3・ピアノの状態編
弦が切れたらどうする?

 ピアノの弦が演奏中に切れた経験があるかたもいらっしゃるかもしれません。一般には、音楽教室に普通に通っていらっしゃる小学生くらいのお子さんが演奏中に弦を切る確率は、ピアノの全体の数から考えると非常に低いです。しかし、1本が1ミリ前後の金属をおよそ80kg前後の力で引っ張っているピアノの弦は、演奏するときには激しくハンマーがたたきますし、調律する際にも弦を引っ張りますから新しいピアノであっても切れることはあります。

[弦が切れたら]
 結論から述べましょう。弦が切れたとわかったら
すぐに演奏をやめて調律師に連絡し、弦の張り替えを依頼して下さい。切れた弦は、その切れはしが他の弦や音を止めるダンパーという非常にやわらかくデリケートな部品に引っかかっている可能性があります。
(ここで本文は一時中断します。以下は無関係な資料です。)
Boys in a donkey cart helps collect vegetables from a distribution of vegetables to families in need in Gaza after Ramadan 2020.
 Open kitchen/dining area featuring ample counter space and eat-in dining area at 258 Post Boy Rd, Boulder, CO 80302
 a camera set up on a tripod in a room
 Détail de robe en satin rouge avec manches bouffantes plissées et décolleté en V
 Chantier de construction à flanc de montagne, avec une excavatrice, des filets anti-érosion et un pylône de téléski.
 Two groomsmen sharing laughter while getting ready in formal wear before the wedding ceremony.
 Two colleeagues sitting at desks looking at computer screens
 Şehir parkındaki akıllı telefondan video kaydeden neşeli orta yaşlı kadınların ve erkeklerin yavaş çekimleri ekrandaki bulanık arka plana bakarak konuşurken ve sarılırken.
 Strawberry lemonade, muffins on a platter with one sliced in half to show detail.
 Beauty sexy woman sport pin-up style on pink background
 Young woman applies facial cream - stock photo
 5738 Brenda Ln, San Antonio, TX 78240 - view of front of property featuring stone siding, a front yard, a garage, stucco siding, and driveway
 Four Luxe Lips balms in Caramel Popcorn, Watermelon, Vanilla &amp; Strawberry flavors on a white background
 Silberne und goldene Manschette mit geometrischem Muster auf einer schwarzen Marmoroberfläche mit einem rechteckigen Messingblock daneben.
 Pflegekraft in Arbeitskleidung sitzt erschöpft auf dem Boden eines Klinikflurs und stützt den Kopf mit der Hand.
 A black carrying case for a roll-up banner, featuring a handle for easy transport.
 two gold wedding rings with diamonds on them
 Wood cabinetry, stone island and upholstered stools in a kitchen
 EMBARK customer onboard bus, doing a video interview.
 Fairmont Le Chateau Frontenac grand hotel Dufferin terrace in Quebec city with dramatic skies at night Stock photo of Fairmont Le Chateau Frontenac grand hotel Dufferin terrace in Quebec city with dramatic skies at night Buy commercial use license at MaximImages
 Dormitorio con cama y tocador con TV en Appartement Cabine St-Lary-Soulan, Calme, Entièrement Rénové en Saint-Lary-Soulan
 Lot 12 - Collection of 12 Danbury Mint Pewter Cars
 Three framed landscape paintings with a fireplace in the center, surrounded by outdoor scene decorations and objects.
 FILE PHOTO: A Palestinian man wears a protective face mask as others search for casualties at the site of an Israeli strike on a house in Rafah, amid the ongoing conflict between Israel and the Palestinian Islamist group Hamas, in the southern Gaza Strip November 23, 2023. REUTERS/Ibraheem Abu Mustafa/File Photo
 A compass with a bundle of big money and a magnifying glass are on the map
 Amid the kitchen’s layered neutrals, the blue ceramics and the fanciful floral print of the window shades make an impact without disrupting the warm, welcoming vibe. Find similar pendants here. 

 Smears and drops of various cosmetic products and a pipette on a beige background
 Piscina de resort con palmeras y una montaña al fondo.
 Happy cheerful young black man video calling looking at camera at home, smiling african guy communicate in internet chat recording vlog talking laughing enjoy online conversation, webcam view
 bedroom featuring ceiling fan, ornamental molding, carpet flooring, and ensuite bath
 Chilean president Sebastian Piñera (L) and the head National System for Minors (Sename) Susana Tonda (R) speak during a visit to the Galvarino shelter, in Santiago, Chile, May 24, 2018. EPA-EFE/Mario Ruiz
そのまま演奏を続けるとこれらの部品が壊れることがあります。

(参考)ほとんどのピアノは、中音部・高音部の弦は1本の弦を2つ折りにUターンさせて張ってあります。つまり2本分を1本の弦で張ってありますから、1ヶ所切れると切れた弦が外れずにほかの弦や部品に引っかかることが多いです。低音弦など1本張りの弦の場合は、切れた弦がはじけ飛んで外れることが多く、アップライトピアノの場合は底板に落ちることが多く、グランドピアノの場合は、外れた弦をピアノの中から取り出すこともできます。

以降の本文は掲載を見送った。